Yesterday afternoon I happened to hear in the car the portion of The Prime of Miss Jean Brodie during which Miss Brodie was having her set visit Mr Lowther's house at Cramond in pairs each Saturday afternoon while she cooked him large quantities of food, her catering project and her bed-fellowship comprising substitutes for the love she was giving to Mr Lloyd. This bit of advice reminds me of how Mr Lowther occasionally interrupted his tea to break into hymns at the piano, and put into mind a parody:

All boys who in the slime do dwell
Sing to Woman in praiseful voice,
Serve Her with joy, Her virtues tell
Bow down before Her and rejoice.

Everything is presented as if the attitude of boys ought to be to make themselves the most desirable gift possible to (All) women. No mention that an active and healthy body will broaden the range of activities open to them, with female company or without. No mention that acquiring an encyclopedic knowledge of, say, Miss Austen, will enrich them with a wealth of ideas, as well as useful quotations for many occasions, whether there is a woman to impress or not, and even more importantly an inkling of character discernment to start them on being able to tell a .93 from a .39, without which any advice on how to be a .93 is incomplete.

24

While I think Dan gives solid advice about how young men can become more interesting and attractive to young women, if there was something missing in my sexual education at that age, it was a sex positive message that it was not only normal to have sexual desires, but that it was also ok to ask young women to engage sexually without feeling as if I were doing something illicit.

25

"If you can, young man, get with a real girl before you watch porn."

@21, are you serious? Boys start looking at porn when they're like 11. That's way too young to start having sex.

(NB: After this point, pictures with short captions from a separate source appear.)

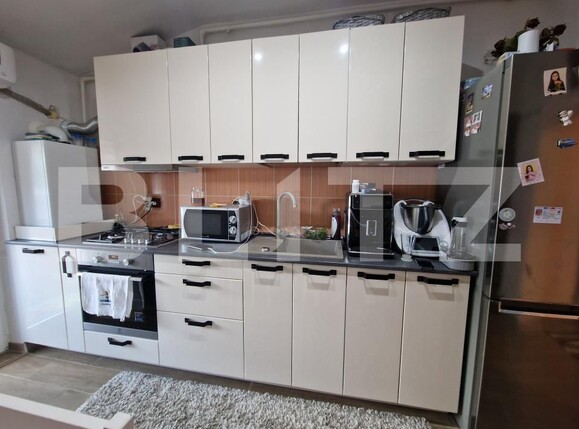 Apartament de vânzare 2 camere Floreşti - 177879AV | BLITZ Cluj-Napoca | Poza9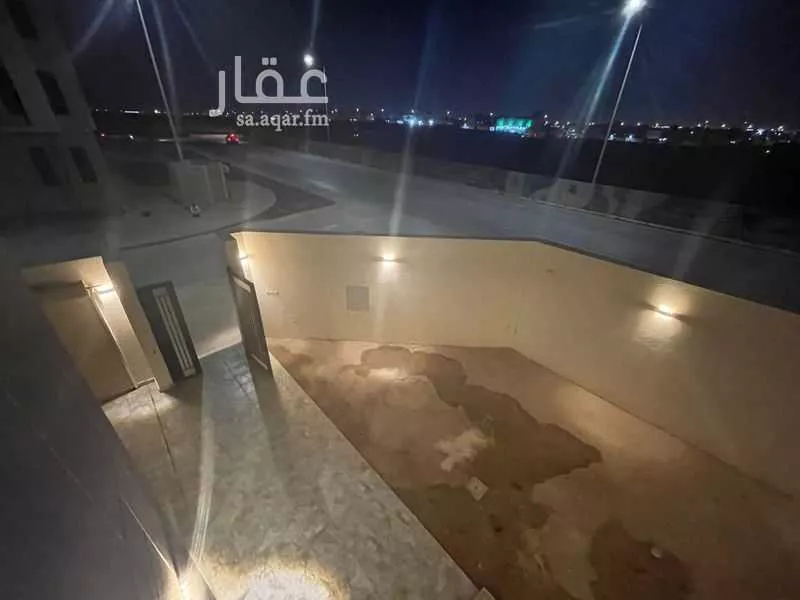 فيلا 3 غرف في الجنادرية 15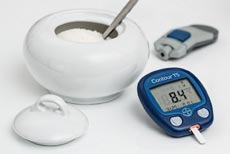 LSCNL's tweet photo. #diabetestest. Voorkom daarom dat je diabetes krijgt. Het kan! Laat nu een leefstijlanalyse maken! #LSCNL https://t.co/qP1uT7uw53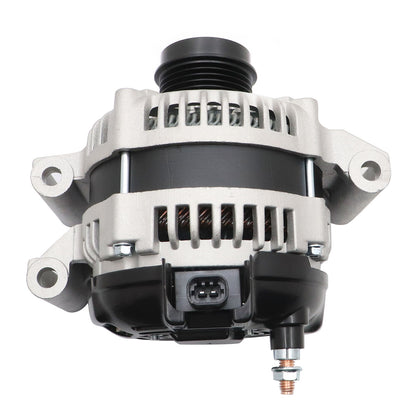 104210-1962 For Chevrolet Malibu 2016-2019 L4 2.0L Alternator 150 A/12 V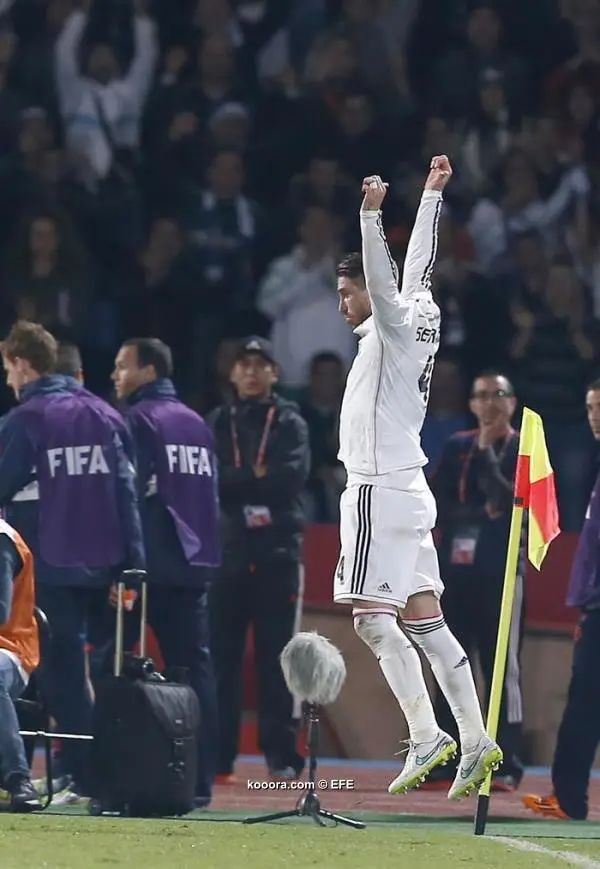 ?i=efe%2f20141220%2f20141220-635547076386229524w_efe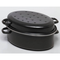 Krueger-gansbraeter-gourmet-gbcs-38cm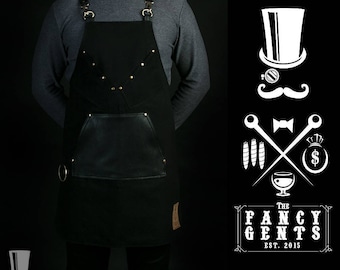 Koch uniform - Die TOP Auswahl unter der Menge an Koch uniform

On top of that, the whole theme of the response is advice for boys to think about getting their future selves laid. Every part of the advice is about how to turn into a desirable young man before you have sex. You have it backwards.

26

I assume that Zapotec is either a colossal asshat or trying to be funny by mimicking one. Either way, I don't see any reason to respond to those posts.

27

@18 I think the difference is the barriers and I think Dan's advice would be markedly different. For straight boys, it's their delayed development and girls being interested in older guys (broad generalization of course but true in broad strokes). For gay boys, the barriers are dealing with a smaller pool of candidates and the challenges of finding guys their age who have emerged from the closet. Gay boys often date older (again broad strokes, which is my new band name now that I've typed it twice) because older guys know what they want.

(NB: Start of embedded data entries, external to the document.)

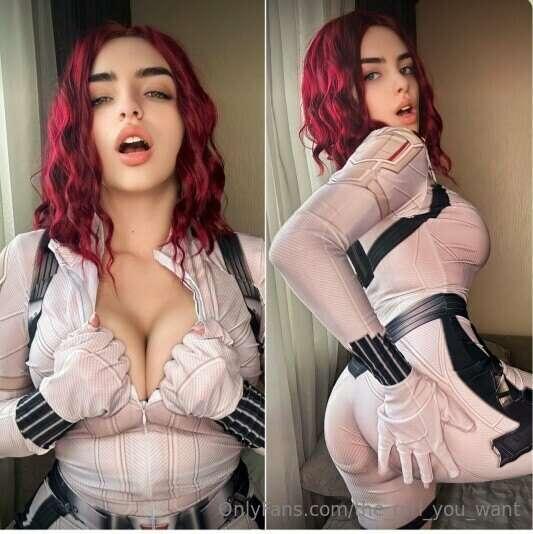 🔴FREE subscription🔴

This ❤️‍🔥@luna_amor_amor with a juicy a..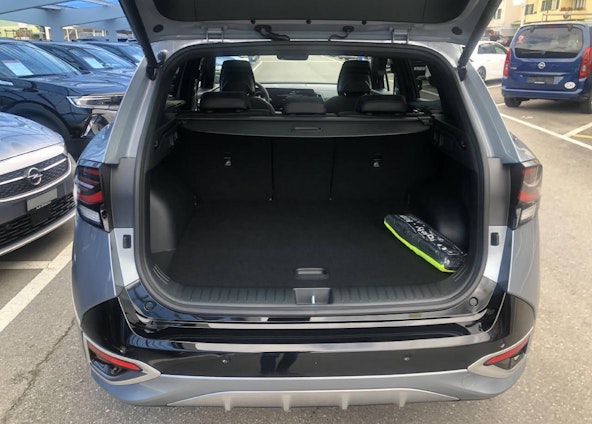 Vehicle image 2 Vehicle image 2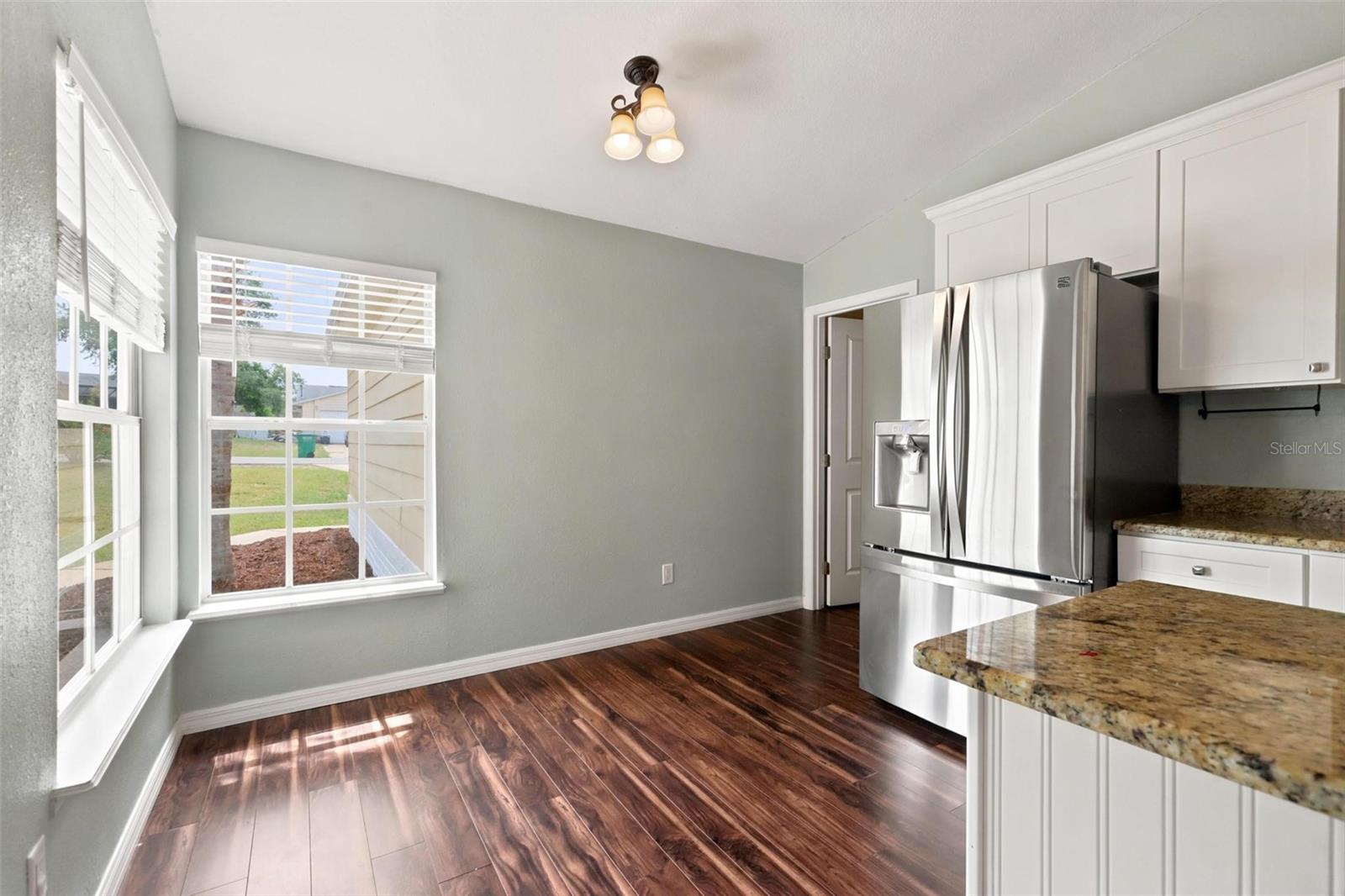 2695 KEENE LN — photo 12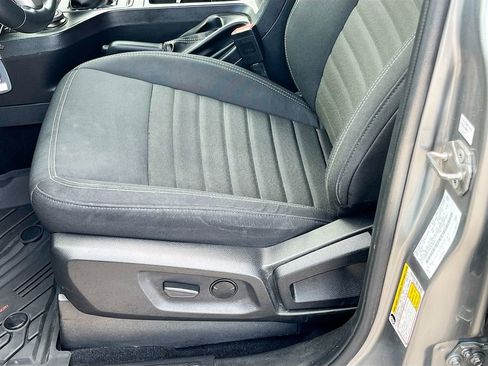 Used 2023 Ford Ranger XLT w/ Equipment Group 302A High image 19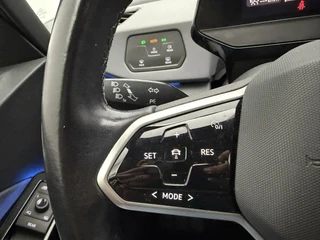 Volkswagen ID.3 Life 58 kWh SOH 93,9% | Adapt Cruise | Stoel/Stuurverwarming | Navigatie | Carplay&Android / 19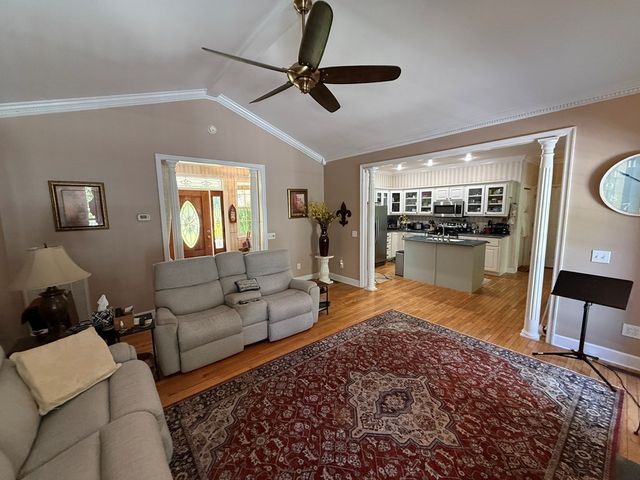 77 Settawig Trace, Brasstown, NC 28902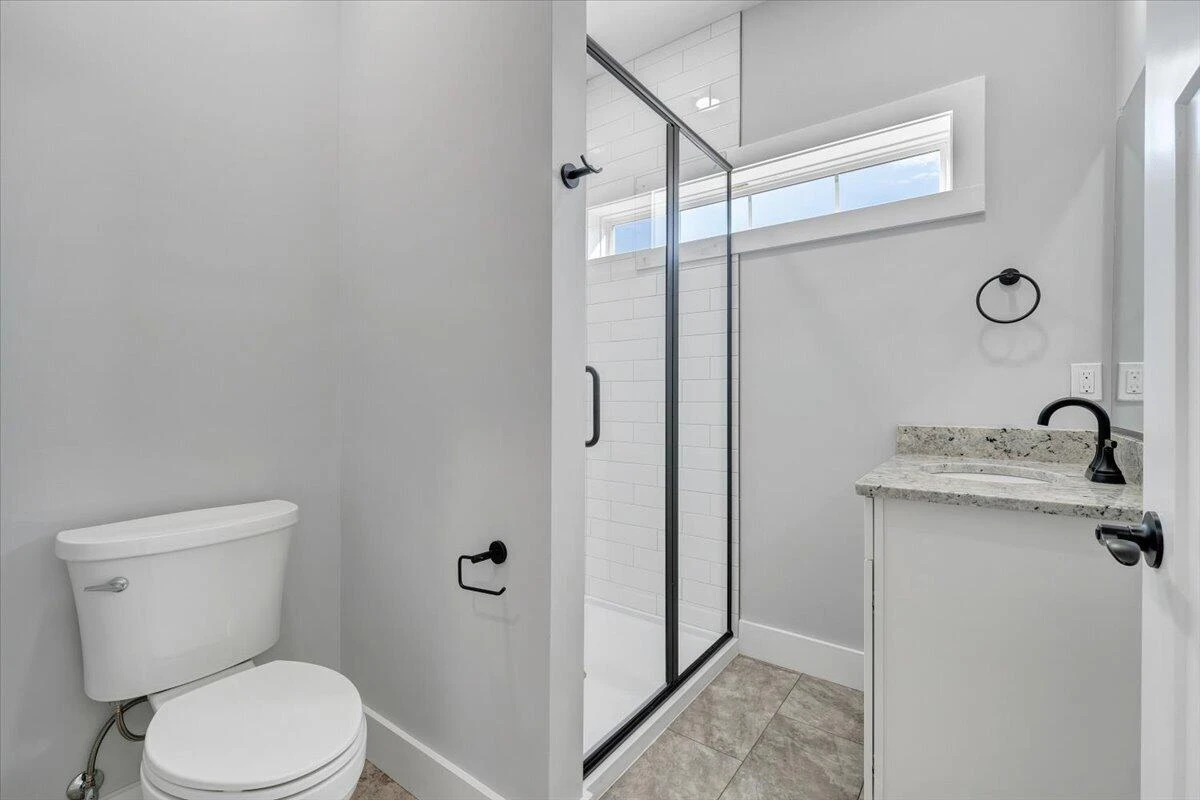 86 Dalton LN - Photo 55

I imagine Dan's advice to gay boys would borrow some of the same hygiene and making yourself interesting aspects but also include advice about navigating the power dynamics in a May-December relationship. Also, probably significantly more of a focus on creating a close group of friends to fall back on and not creating drama (with Republican parents, homophobic grandparents) unless you have to.

28

@2 In the words of Sean Connery in Finding Forrester (kind of a weird movie with some strange race commentary now but still a fine movie): "Unexpected gift, unexpected time."

29

vennominon @23 There's no mention of how to change a tire either - because that wasn't the question asked.

30

DirtyGerty @25: Alas, I think you're correct about Lava's advice -- while excellent, it is 100% impracticable. Yet again I lament the lack of educational porn. Better advice would be for boys to always remember that porn -- even amateur porn -- is not the slightest bit representative of the sex they're likely to be having, particularly in the beginning. The majority of women do NOT like anal sex, violent blowjobs or facials. And even those who do, didn't when they had no experience of sex. These are varsity level sex acts and they should not even be suggested unless you're in an established, trusting relationship. Master the basics, and bear in mind that the more pleasure you give your partner, the more likely she will want to repeat the experience.

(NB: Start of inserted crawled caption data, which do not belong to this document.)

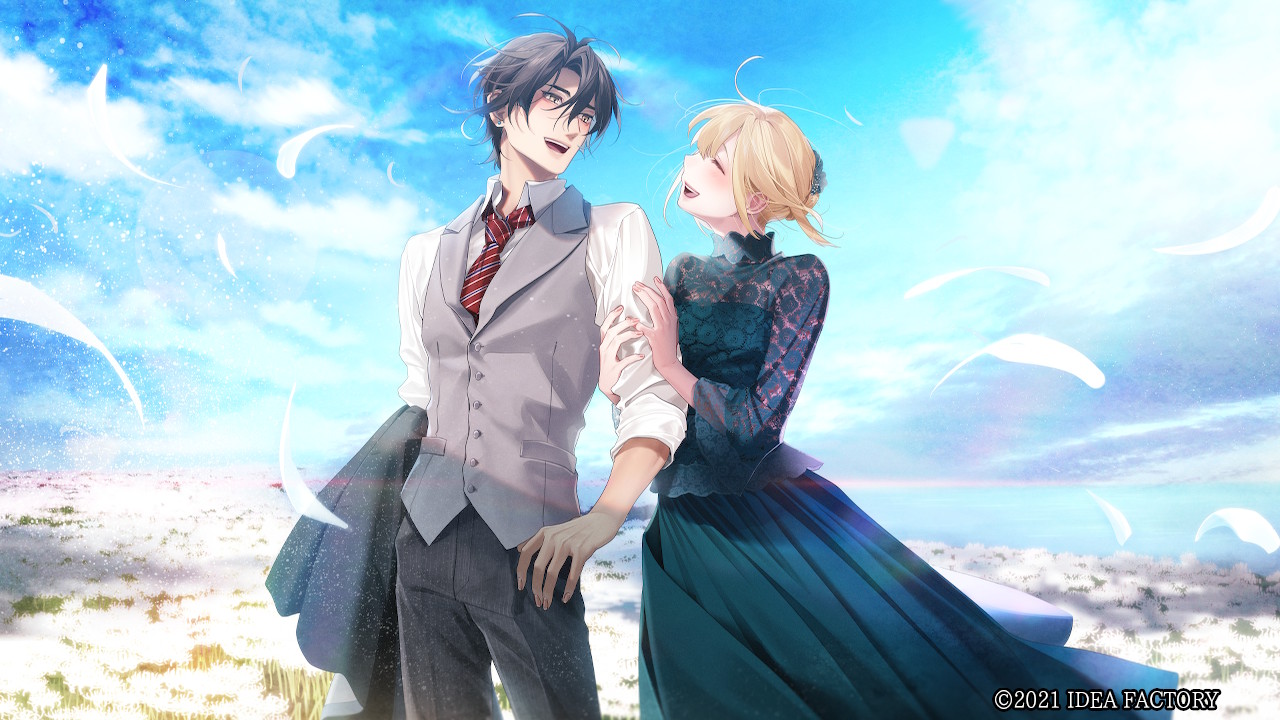 2021112805024500-023466D6F284B53C453BE9FA671DF8CA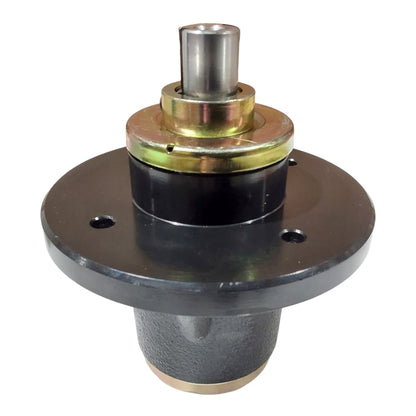 Proven Part Spindle Assembly Fits Bad Boy 037-8000-00  037-4000-50  037-8000-00  037-8000-50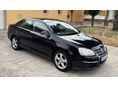 VOLKSWAGEN JETTA 2007/10 - 2
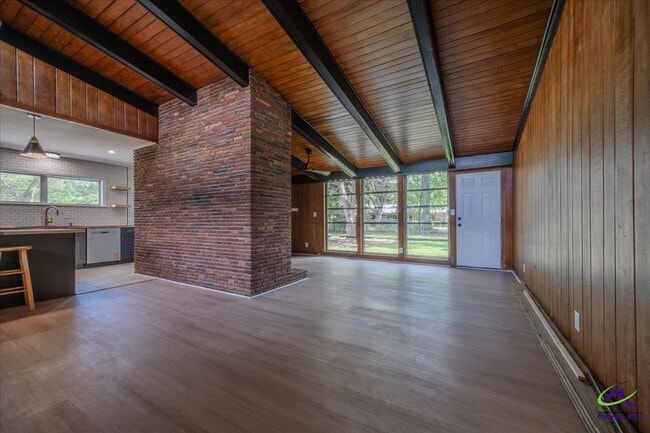 Photo - 410 Hardeman Ave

But this still misses the question, which is how young guys can convince young ladies to get sexual with them in the first place. One good tip is to be confident but not arrogant -- and confidence will indeed, or should indeed, come from being a physically fit, well-read individual with hobbies and interests, just as Dan says. And to expect rejection and learn to take it gracefully.

31

Nocute @26: Not sure how many teenage boys actually do read these columns and comments, but I think there's value in debunking Zapotec's idea of a joke in case any young men are reading and don't know any better.

32

Treat your partner (girl or boy) nice. Open doors for them. Have a decent conversation with their parents (This is a BIG one, nothing is better than getting on the good side of the parents!). Ask them what THEY want to do and let them take the lead once in a while...note; Most girls like it when you lead with confidence, just don't be bossy. Make an effort to get along with her/his friends. Be responsible and get condoms AHEAD of when the time comes that you might need them! Yes, tell them they look nice/ were great in whatever random activity they were doing/ you like being with them. Get them home on time, every time. Call if you're going to be late.

33

Reprint of a reprint? Did one of the TSARY watch "Inception" last night?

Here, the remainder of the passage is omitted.